Don't know about metal specifically, but in ordinary C, you'd want to put f and byteArray inside a union
Here's some sample code:
#include <stdio.h>
#include <stdint.h>
union float_byte {
    float f;
    uint8_t byteArray[sizeof(float)];
};
union float_byte u;
void
dotest(float f)
{
    u.f = f;
    printf("%.6f",u.f);
    for (int idx = 0;  idx < sizeof(u.byteArray);  ++idx)
        printf(" %2.2X",u.byteArray[idx]);
    printf("\n");
}
int
main(void)
{
    dotest(2.1);
    dotest(7.6328);
    return 0;
}
Here's the program output:
2.100000 66 66 06 40
7.632800 E6 3F F4 40
UPDATE:
even today, isn't it still technically UB to read a union member that wasn't the last one written to? Although, it sounds like this is widely supported now with implementation-defined behavior. One of many related questions: stackoverflow.com/questions/2310483/… – yano
No, it's not UB for a number of reasons.
It might be "implementation defined" behavior, but only because of the CPU/processor endianness re. the format of a [32 bit] float in memory, if we wished to interpret the bytes in byteArray
But, AFAICT, that doesn't affect OP's issue since the point was just to get a byte buffer [for binary/serialization of the data?].
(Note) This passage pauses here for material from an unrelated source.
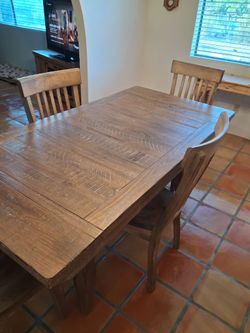 36x72 in table with upholstered bench and two 12-in leaves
If one wanted to interpret the data (e.g. designing a DIY F.P. S/W implementation), then the format and endianness of the float would have to be known. This is [probably] IEEE 784 format, and the processor endianness.
But, using the union to just get a byte pointer, there is no issue. It's not even "implementation defined" behavior.
It's just about the same as:
float my_f = f;
uint8_t *byteArray = (uint8_t *) &my_f;
And, it works because it has to work.
Also, the union [as used here] is a common idiom, dating back to the 1970's so it has to be supported.
Also, it just works [because it has to by design].
If we had:
void
funcA(float f)
{
    u.f = f;
}
void
funcB(void)
{
    for (int idx = 0;  idx < sizeof(u.byteArray);  ++idx)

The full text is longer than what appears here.